◆ WORK INSTRUCTION:
Please transcribe only the lines that run from the line bearing "Matgrupp Lina med" to the end of the entries, keeping both end lines. Skip the pictures.
### SUPPLIED MATERIAL
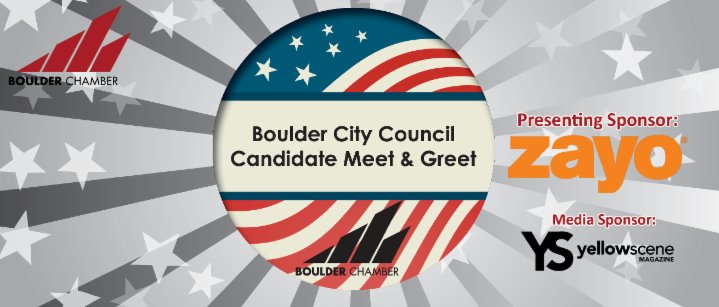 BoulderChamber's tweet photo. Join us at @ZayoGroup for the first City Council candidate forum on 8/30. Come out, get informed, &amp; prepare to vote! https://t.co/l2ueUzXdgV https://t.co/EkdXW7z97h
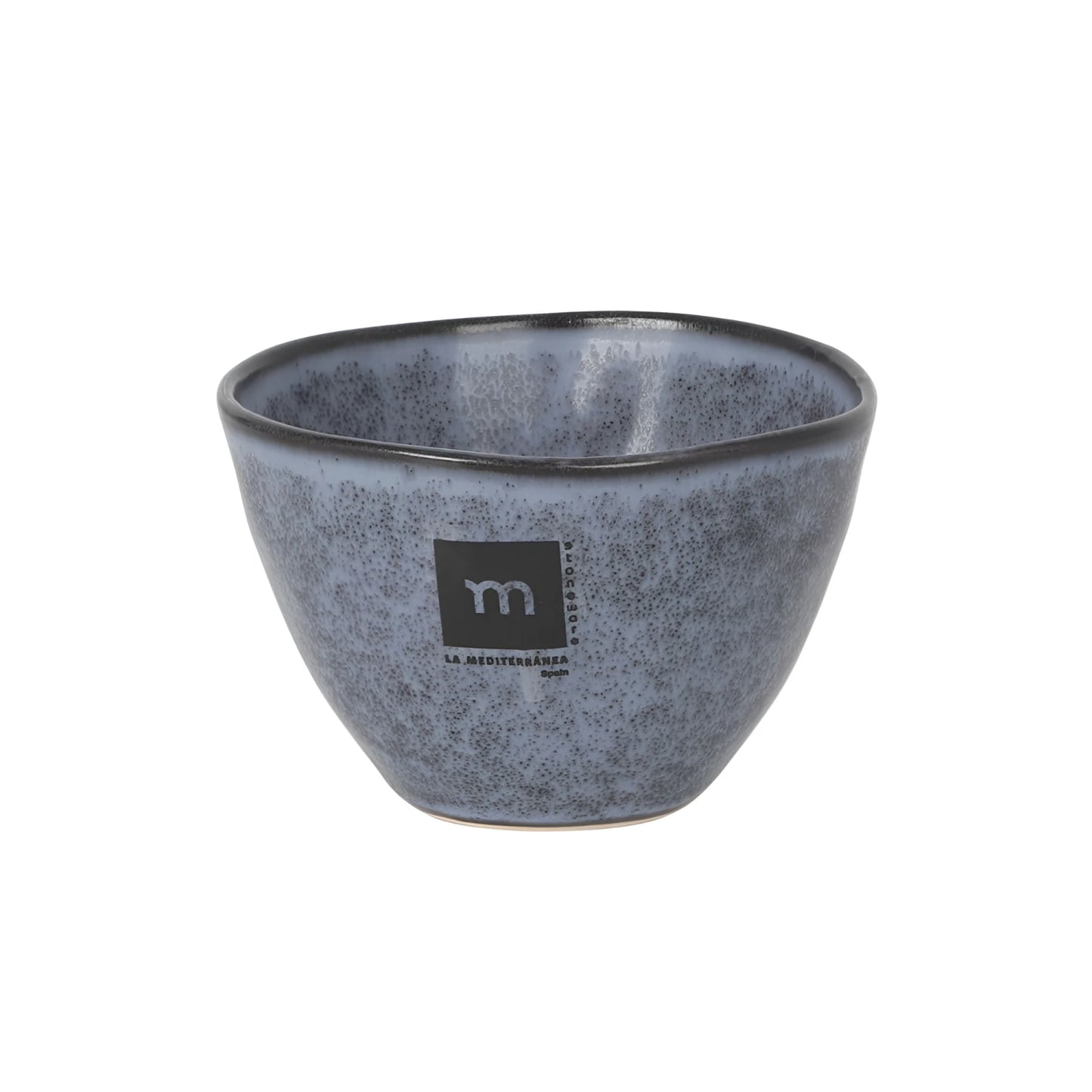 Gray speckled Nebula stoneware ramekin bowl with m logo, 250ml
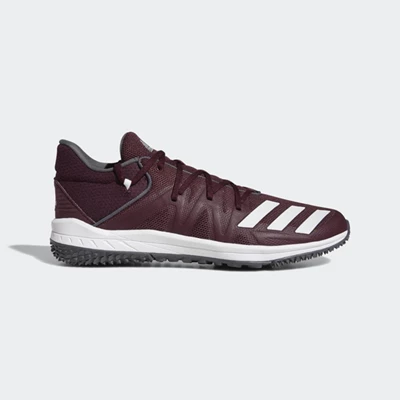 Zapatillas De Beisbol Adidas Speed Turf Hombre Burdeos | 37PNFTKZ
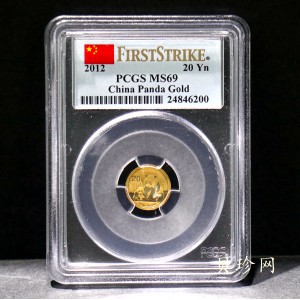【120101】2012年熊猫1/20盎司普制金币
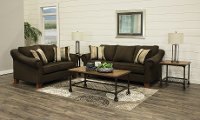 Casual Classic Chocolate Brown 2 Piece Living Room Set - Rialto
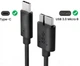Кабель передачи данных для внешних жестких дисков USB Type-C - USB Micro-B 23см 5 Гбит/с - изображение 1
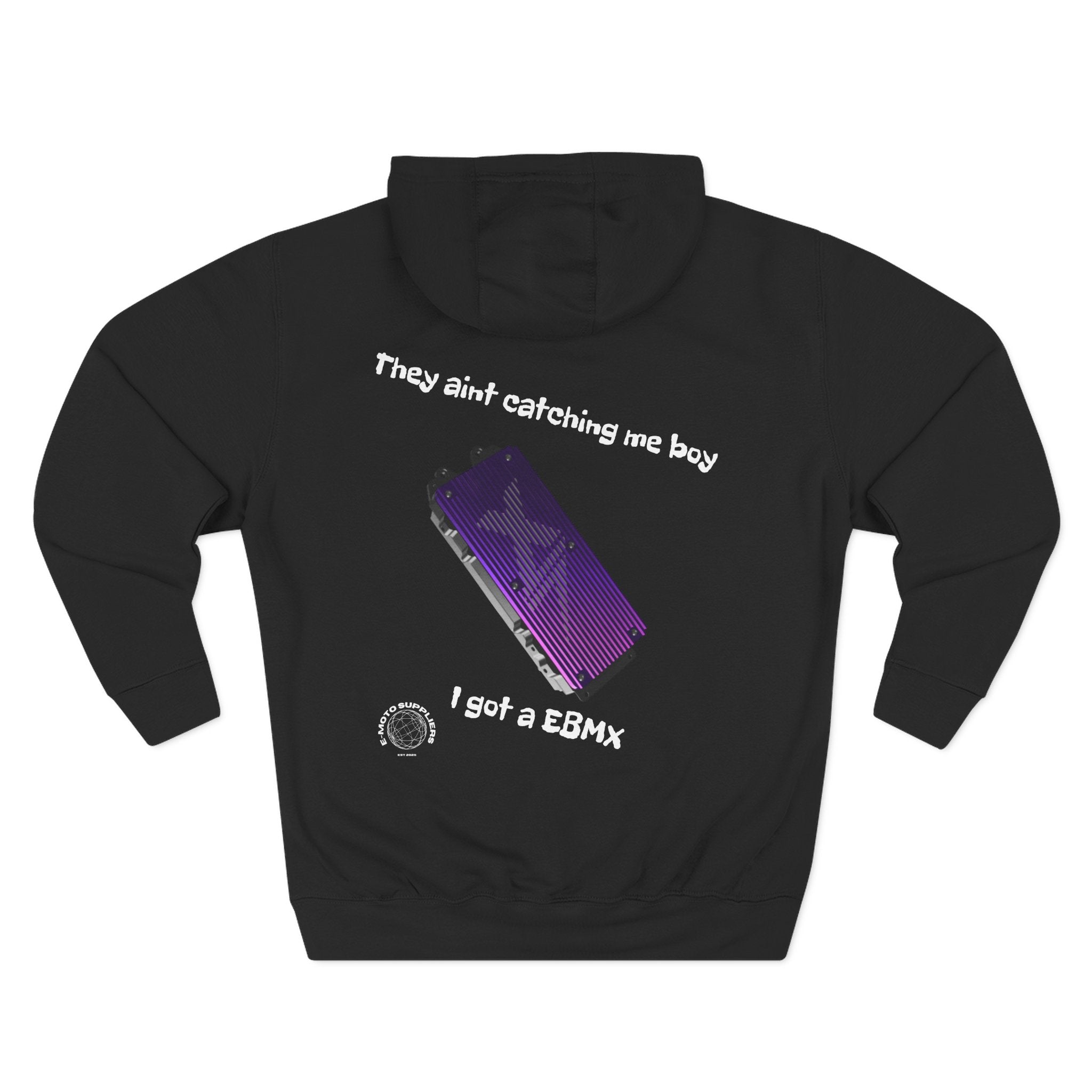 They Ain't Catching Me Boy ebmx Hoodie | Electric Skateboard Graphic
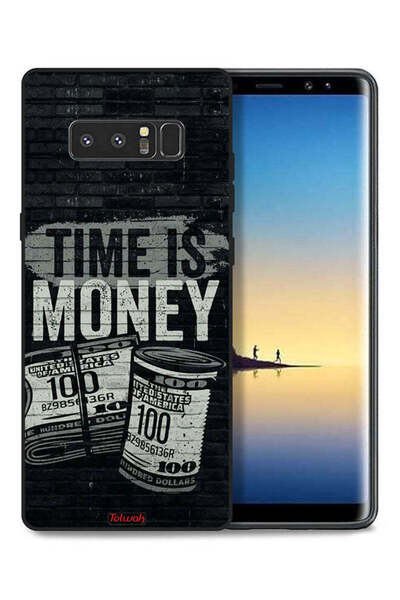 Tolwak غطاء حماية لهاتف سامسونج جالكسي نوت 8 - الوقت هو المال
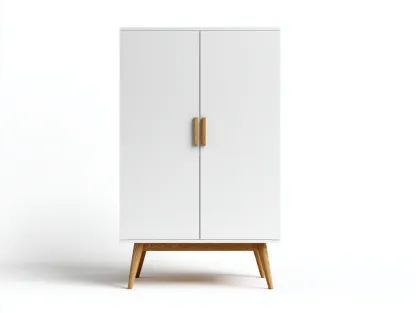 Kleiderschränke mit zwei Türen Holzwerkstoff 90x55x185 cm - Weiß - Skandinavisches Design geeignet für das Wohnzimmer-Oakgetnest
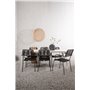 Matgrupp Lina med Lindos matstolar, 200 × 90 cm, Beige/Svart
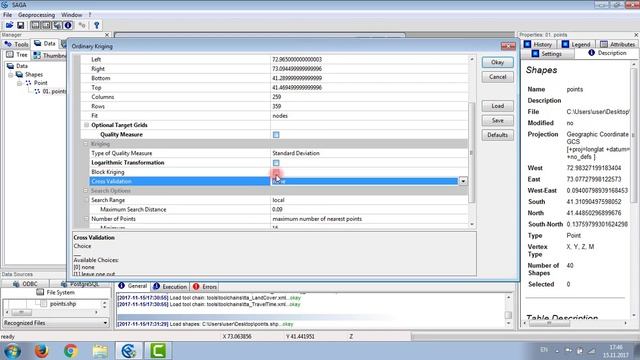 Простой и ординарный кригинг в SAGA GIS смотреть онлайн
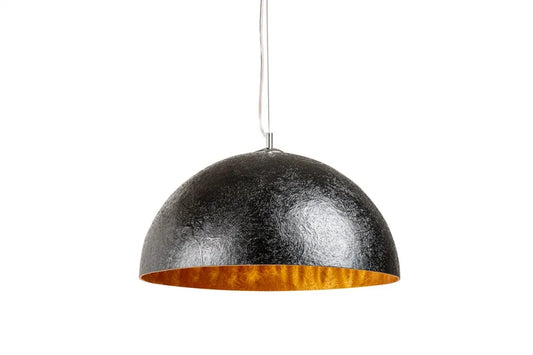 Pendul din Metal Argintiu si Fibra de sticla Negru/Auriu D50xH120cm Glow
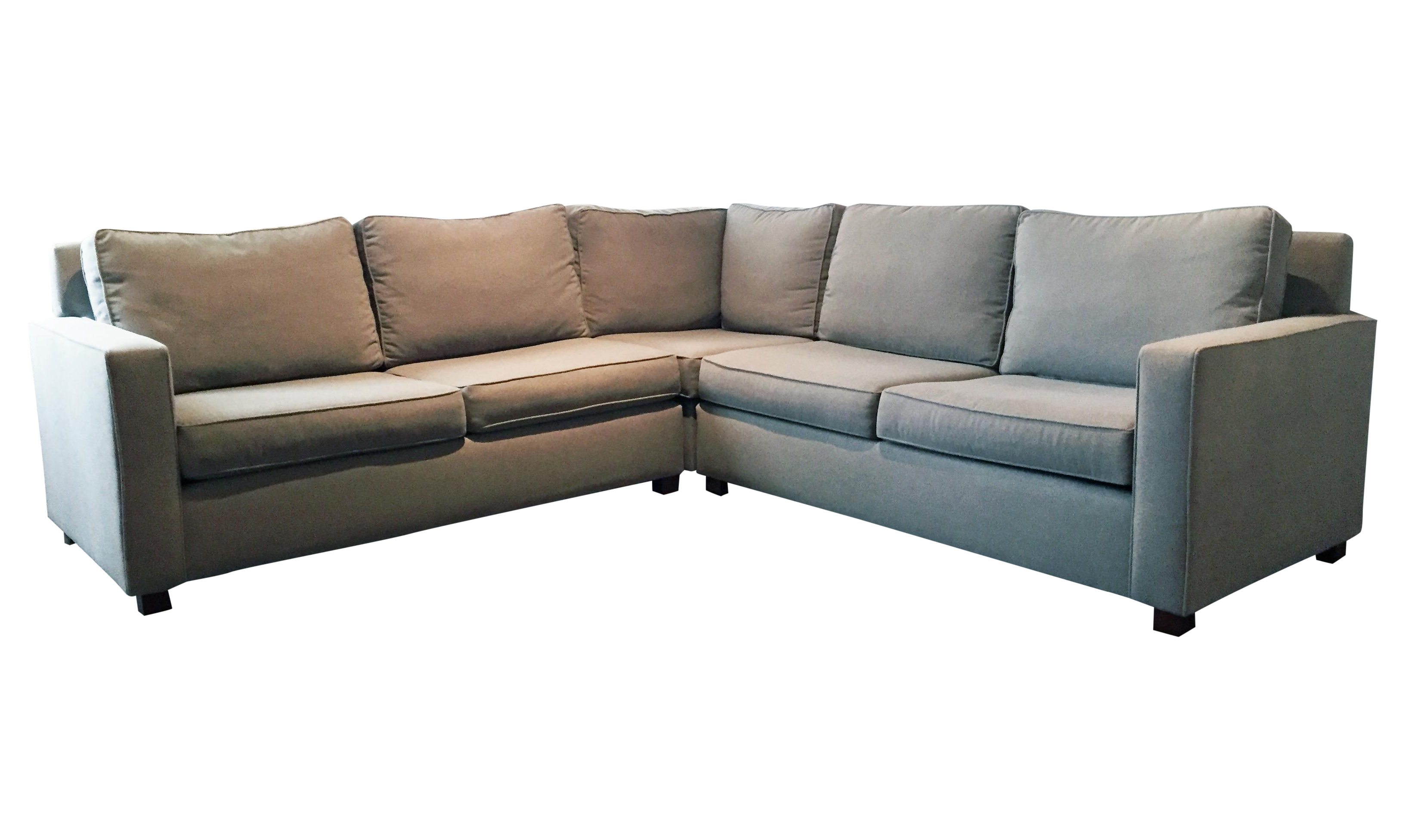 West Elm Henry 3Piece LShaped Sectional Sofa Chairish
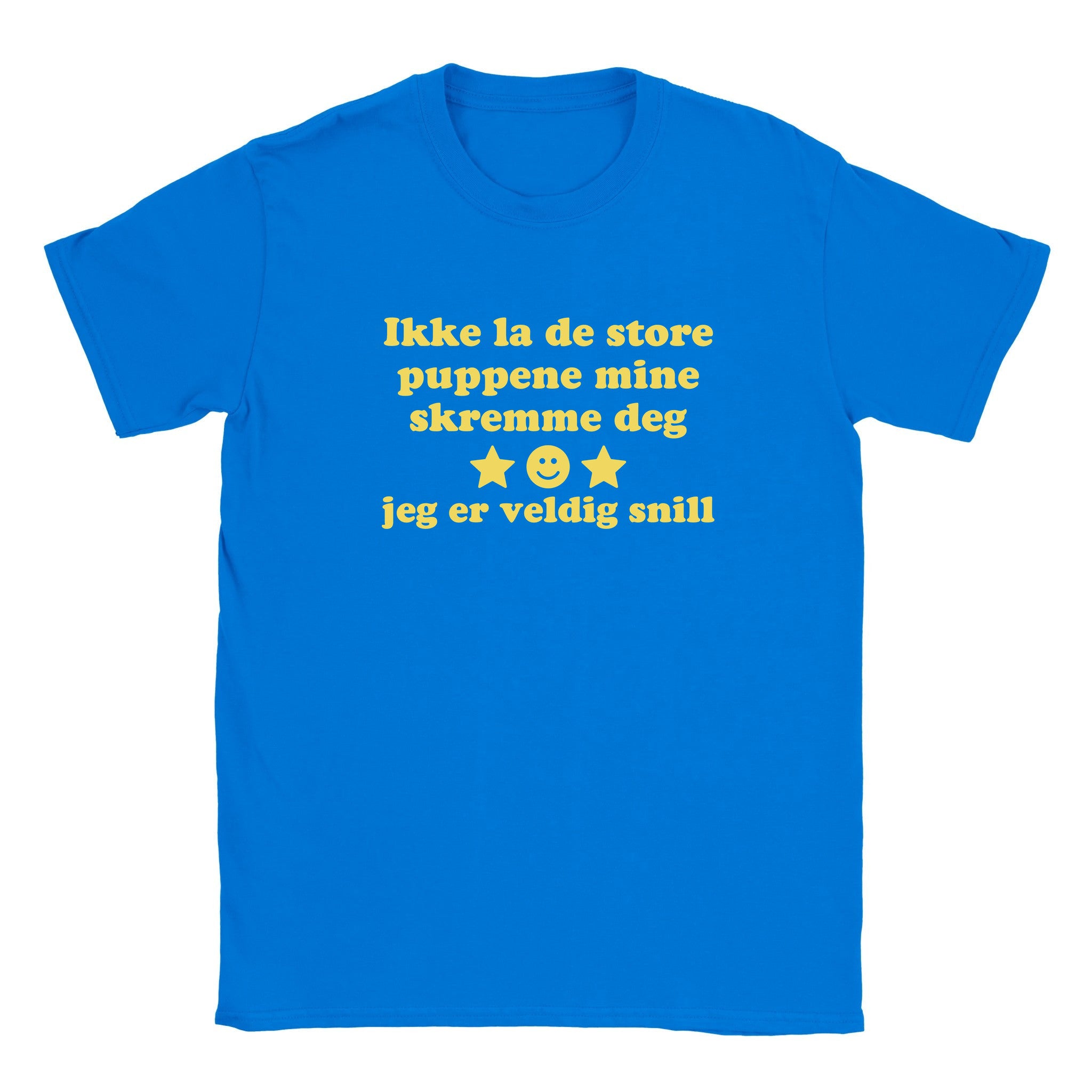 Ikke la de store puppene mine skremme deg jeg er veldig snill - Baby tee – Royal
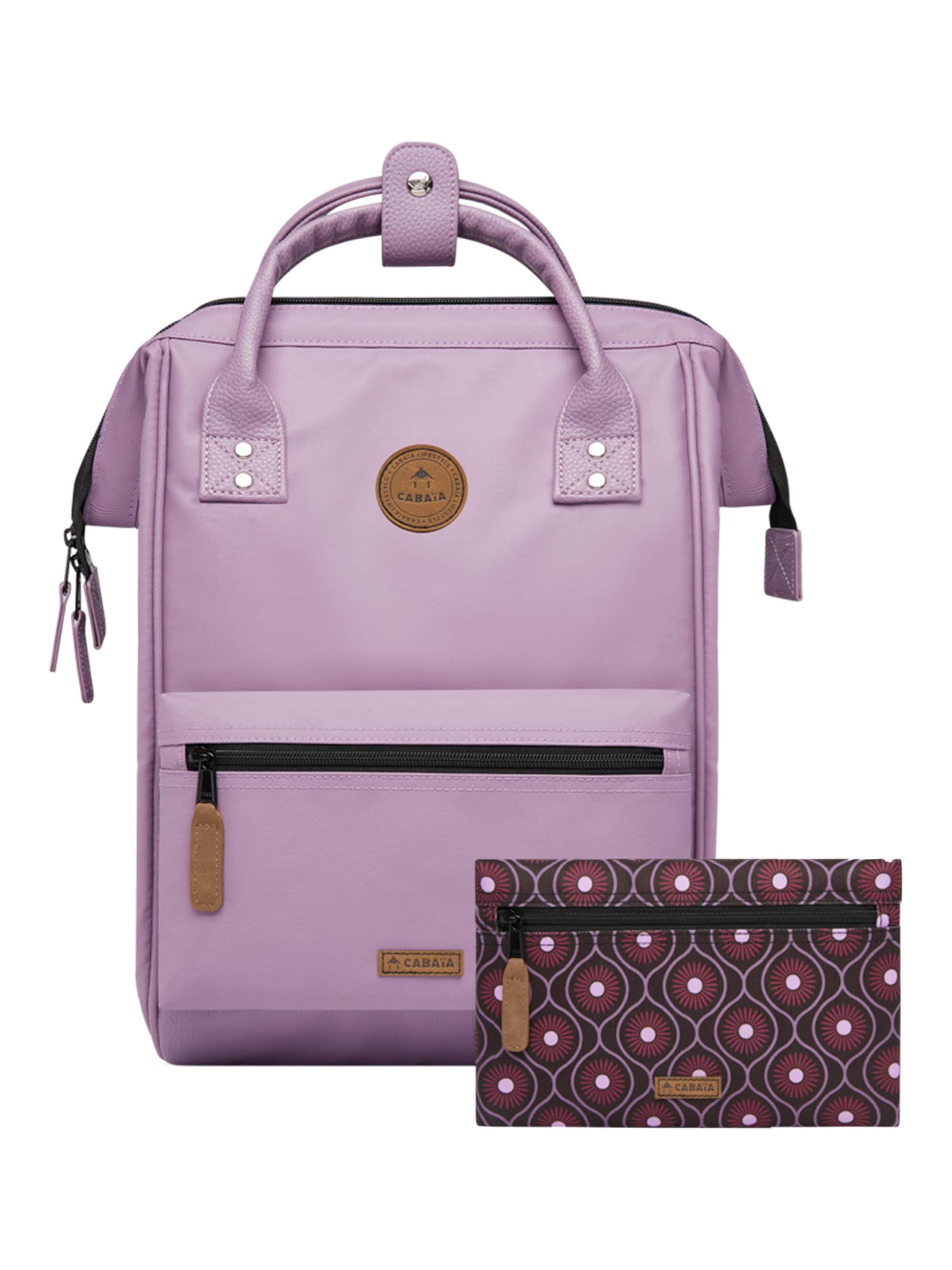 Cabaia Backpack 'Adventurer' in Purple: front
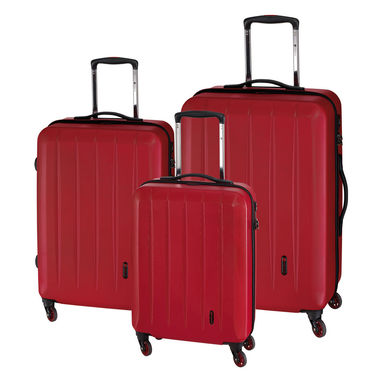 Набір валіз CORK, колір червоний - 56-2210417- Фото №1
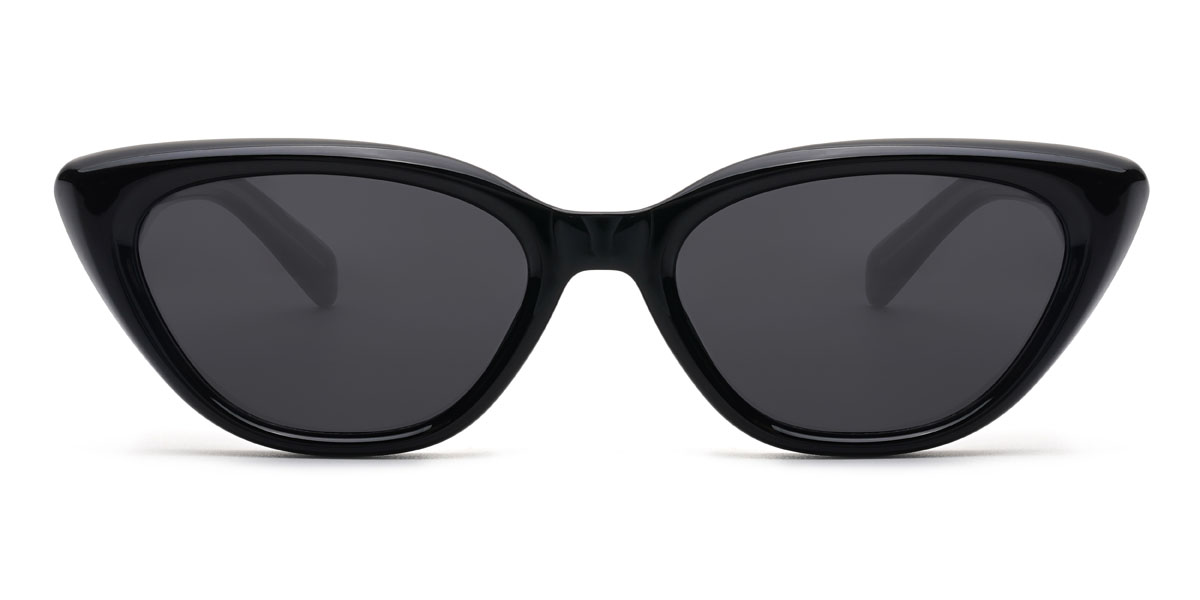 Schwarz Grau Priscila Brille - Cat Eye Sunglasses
######
◆ TASK SOLUTION:
 Matgrupp Lina med Lindos matstolar, 200 × 90 cm, Beige/Svart
 Простой и ординарный кригинг в SAGA GIS смотреть онлайн
 Pendul din Metal Argintiu si Fibra de sticla Negru/Auriu D50xH120cm Glow
 West Elm Henry 3Piece LShaped Sectional Sofa Chairish
 Ikke la de store puppene mine skremme deg jeg er veldig snill - Baby tee – Royal
 Cabaia Backpack 'Adventurer' in Purple: front
 Набір валіз CORK, колір червоний - 56-2210417- Фото №1
 Schwarz Grau Priscila Brille - Cat Eye Sunglasses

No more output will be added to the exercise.